Taylor, a 26-year-old Black woman, was killed on March 13 after officers from the Louisville Metro Police Department busted through the door of her home around 12:40 a.m. to execute a no-knock search warrant for drugs.
No drugs were found in the home and the suspect at the center of the police investigation had already been taken into custody at another residence, Taylor’s mother said in a lawsuit.
The singer made three demands in her letter to Attorney General Daniel Cameron: that criminal charges be brought against the officers involved in the killing, that he would commit to transparency in the investigation and subsequent prosecution of the officers and that he would investigate LMPD’s response to what she called “Breonna Taylor’s murder” and the “pervasive practices that result in repeated deaths of unarmed Black citizens.”
Beyoncé also questioned what she said were inconsistencies in the LMPD’s accounts of the night police killed Taylor.
“Their incident report states that Ms. Taylor suffered no injuries, yet we know she was shot at least eight times,” Beyonce wrote. “The LMPD officers claim they announced themselves before forcing their way into Ms. Taylor’s apartment — but her boyfriend who was with her, as well as several neighbors, all say this is untrue.”
Taylor’s killing has gained increased attention around the country in recent weeks, as her community in Kentucky and protesters across the country demand action be taken against the officers responsible for her death. The three officers are still employed by the LMPD.

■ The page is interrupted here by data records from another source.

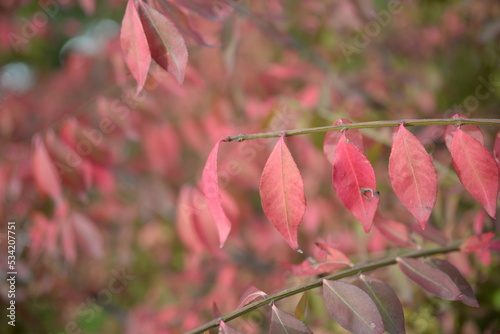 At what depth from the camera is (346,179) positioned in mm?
697

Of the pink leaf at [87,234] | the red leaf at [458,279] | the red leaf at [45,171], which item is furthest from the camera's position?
the pink leaf at [87,234]

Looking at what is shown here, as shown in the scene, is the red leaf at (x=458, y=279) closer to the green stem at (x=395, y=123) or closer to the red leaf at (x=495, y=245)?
the red leaf at (x=495, y=245)

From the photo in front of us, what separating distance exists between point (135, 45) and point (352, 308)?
1.74 ft

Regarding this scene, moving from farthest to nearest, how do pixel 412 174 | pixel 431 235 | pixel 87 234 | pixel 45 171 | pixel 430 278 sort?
pixel 87 234 → pixel 45 171 → pixel 431 235 → pixel 430 278 → pixel 412 174

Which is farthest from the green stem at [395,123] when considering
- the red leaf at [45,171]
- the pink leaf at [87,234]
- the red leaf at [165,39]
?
the pink leaf at [87,234]

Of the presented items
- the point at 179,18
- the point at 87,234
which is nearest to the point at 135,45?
the point at 179,18

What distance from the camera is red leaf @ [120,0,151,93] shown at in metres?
0.80

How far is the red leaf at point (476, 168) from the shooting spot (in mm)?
689

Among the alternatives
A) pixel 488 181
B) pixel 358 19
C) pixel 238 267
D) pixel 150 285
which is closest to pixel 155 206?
pixel 238 267

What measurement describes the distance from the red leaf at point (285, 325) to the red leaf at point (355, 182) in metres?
0.17

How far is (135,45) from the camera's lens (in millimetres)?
813

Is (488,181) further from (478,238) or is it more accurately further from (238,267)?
(238,267)

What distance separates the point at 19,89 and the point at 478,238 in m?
3.04

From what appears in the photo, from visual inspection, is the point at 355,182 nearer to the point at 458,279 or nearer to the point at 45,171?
the point at 458,279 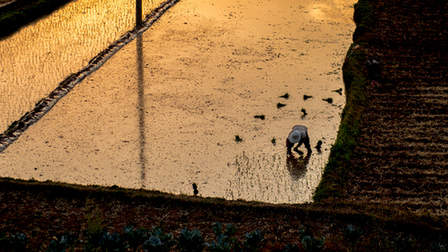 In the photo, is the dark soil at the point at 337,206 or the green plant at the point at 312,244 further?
the dark soil at the point at 337,206

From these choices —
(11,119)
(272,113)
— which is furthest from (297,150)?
(11,119)

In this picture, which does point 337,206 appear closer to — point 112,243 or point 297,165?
point 297,165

On Thursday, the Louisville Metro Council passed Breonna’s Law, which bans the city’s police department from using no-knock warrants and requires the use of officer body cameras whenever a warrant is served. Beyoncé called the law a “small step in the right direction” but also a “painful” reminder that there has been “no justice for Breonna Taylor or her family,”
“Take swift and decisive action in charging the officers,” she wrote. “The next months cannot look like the last three.”